Mir kommt das mit dem Durchmesser auch etwas spanisch vor, ich versuche mal eine Schieblehre zu organisieren 

Ich hoffe ich konnte mich halbwegs verständlich ausdrücken


----------



## Votec Tox (19. April 2014)

greenhorn-biker schrieb:


> ....also dieses Teil was bei KS rot ist)? Könnte mit 100mm Verstellbereich einer Variostütze etwas knapp werden ? ...


Leider habe ich keine KS zur Hand, habe es aber bei der Gravity Dropper nachgemessen, dort sind es 4,5 cm für die Verstellmimik, die verloren gehen. Vergleiche auch die Höhe der Sattelklemmung, bei der GD baut diese z.B. eher hoch, denn letztendlich soll ja die Sattelhöhe identisch sein.
Ich hatte genau dieses Problem bei meinem früheren Bionicon Supershuttle:
Komischer Durchmesser des Sitzrohres und trotz Rahmengröße S nur wenig Überstand.
Dort saß die Gravity Dropper max. im Sitzrohr drin, hatte 100mm Verstellweg und es sind genau 162mm von Unterkante Verstellmimik bis Mitte Rundalu des Sattelgestänges (also die beiden längslaufenden dünnen Alustengelchen, die zum Sattel gehören und an denen die Klemmung der Stütze angreift.

Mit dieser GD müßte es bei Dir funktionieren, da Du ja nicht bis unter den Sattel gemessen hast, sondern lediglich die Stütze.
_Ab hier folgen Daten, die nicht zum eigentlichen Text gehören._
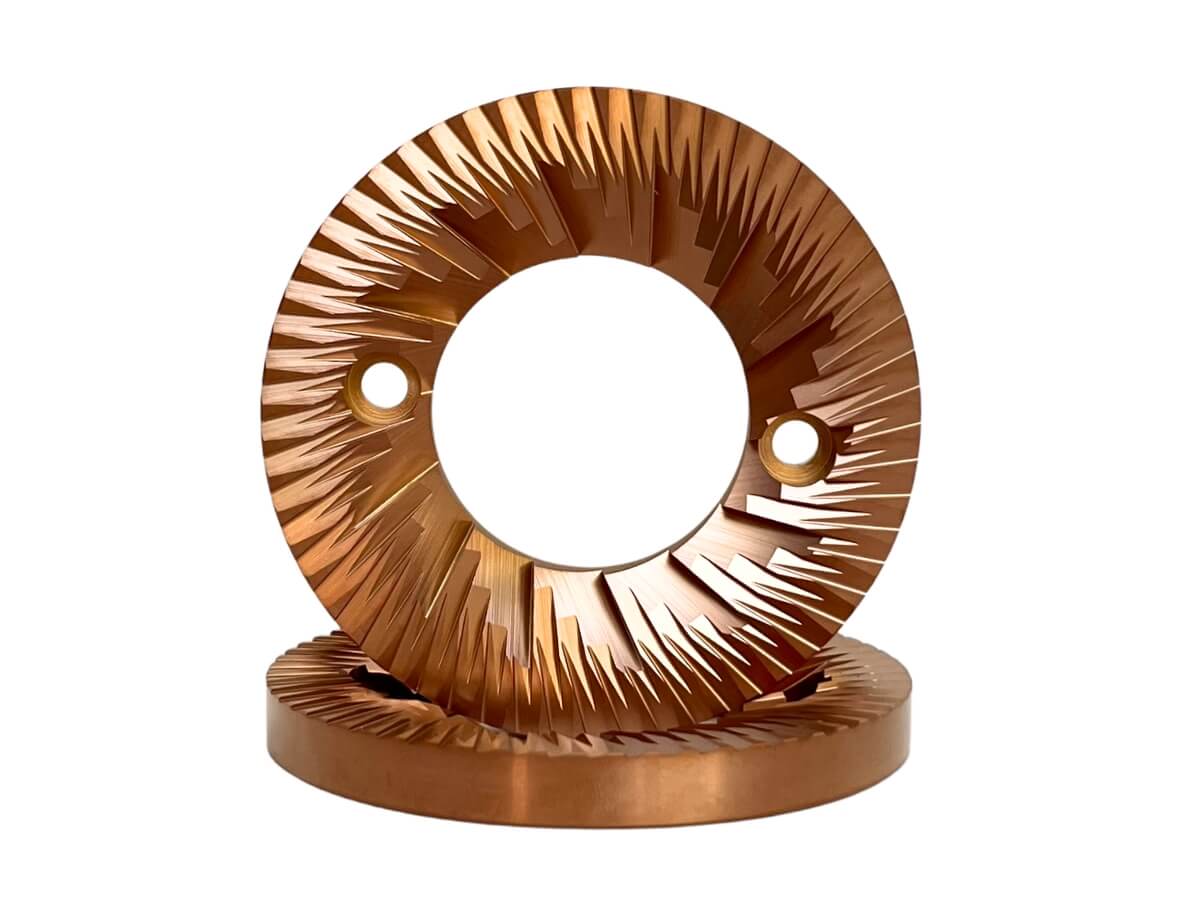 SSP | 78mm Flat Burrs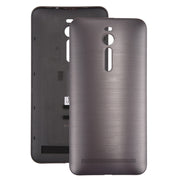 Copribatteria posteriore originale con texture spazzolata per Asus Zenfone 2 / ZE551ML, For Zenfone 2 / ZE551ML Original, For ZE551ML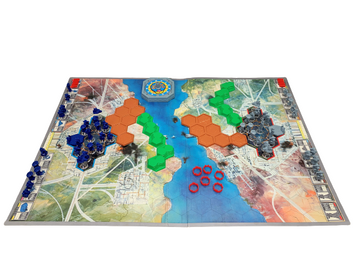 レトロゲーム ボードゲーム タカトクトイス 未来戦略ゲーム ロボット大戦争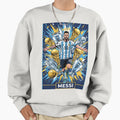 Messi Golden Legend Sweatshirt - Streetwear Style Unisex - T-Shirt, Sweatshirt, Hoodie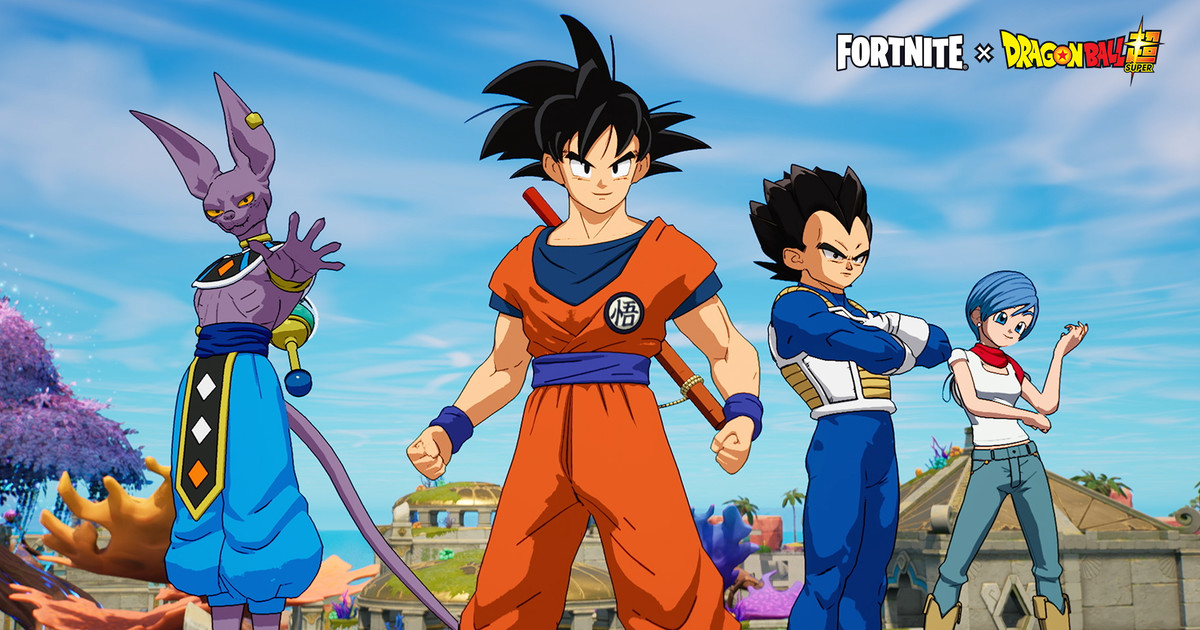 Fortnite Dragon Ball Collaboration Is Live, Gameplay Trailer Revealed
Alternativ könntest Du eine Stütze mit einer stufenlosen Verstellung kaufen, dann paßt es immer. Aber ich weiß garnicht, ob es solche für 27,2 gibt.


----------



## laterra (21. April 2014)

Ah, jetzt hab ichs gerafft ^^ Ich hab bei meiner KS Dropzone auch mal nachgemessen: bei 125mm Verstellbereich hab ich da wo du 16cm zur Verfügung hast 18,3 gemessen. Das heißt die würde schon mal nicht gehen, aber die 100mm Variante könnte gerade so passen. Die rote Schelle an der KS Stütze ist knapp 3,5 cm hoch.


----------



## greenhorn-biker (21. April 2014)

Ich hab mich mal schlau gemacht und das Hauptproblem ist der sattelrohrstütze mit 29,8mm Durchmesser  es müsste eine stütze mit 27,2mm sein die dann mit Hülse auf die 29,8 kommt! Problem ist dass die recht selten sind und es erst bei 200 € los geht  sind mir dann für mein 450 € bike zuviel vor allem weil ich sie auch nicht in einem neuen bike verwenden könnte  Möglichkeiten wären KS supernatural oder lvs, oder eine x-fusion hilo (nirgends zu bekommen! )
Die anderen Maße wären kein Problem gewesen 

Aber danke für eure Tipps, wieder mal ein Grund mehr sich gleich ein neues bike zu kaufen


----------



## MTB-News.de




----------



## greenhorn-biker (21. April 2014)

Ich meinte natürlich KS lev


----------



## WarriorPrincess (22. April 2014)

Da du die Supernatural und LEV als Alternativen zur Dropzone erwähnst, wollt ich nur vorsichtig drauf aufmerksam machen, dass die Dropzone nen Versatz nach hinten macht, die andern beiden aber nicht. Weiß nicht, ob du das schon weißt, vorsichtshalber nur der Hinweis


----------



## scylla (22. April 2014)

greenhorn-biker schrieb:


> Aber danke für eure Tipps, wieder mal ein Grund mehr sich gleich ein neues bike zu kaufen



Auch wenn du's eigentlich nicht hören willst: wäre für mich die einzig sinnvolle Lösung. 
Wenn du durch den zu großen Rahmen sowieso schon zu wenig Verstellbereich an der Sattelstütze hast, warum dann Geld darin investieren, den zu kleinen Verstellbereich nochmal zu verkleinern? 100mm Absenkweg reichen mir nur auf Flowtrails. Für alles andere mag ich meinen Sattel weiter aus dem Weg schaffen können. 
Wie Votec Tox auch schon schrieb: für mich ist die zusätzliche Bauhöhe der Variostützen ein Grund, am Rad fürs Technische keine solche zu verbauen, und sogar an der "normalen" Stütze darauf zu achten, dass der Kopf möglichst flach baut (und dabei hab ich schon eine passende Rahmengröße). 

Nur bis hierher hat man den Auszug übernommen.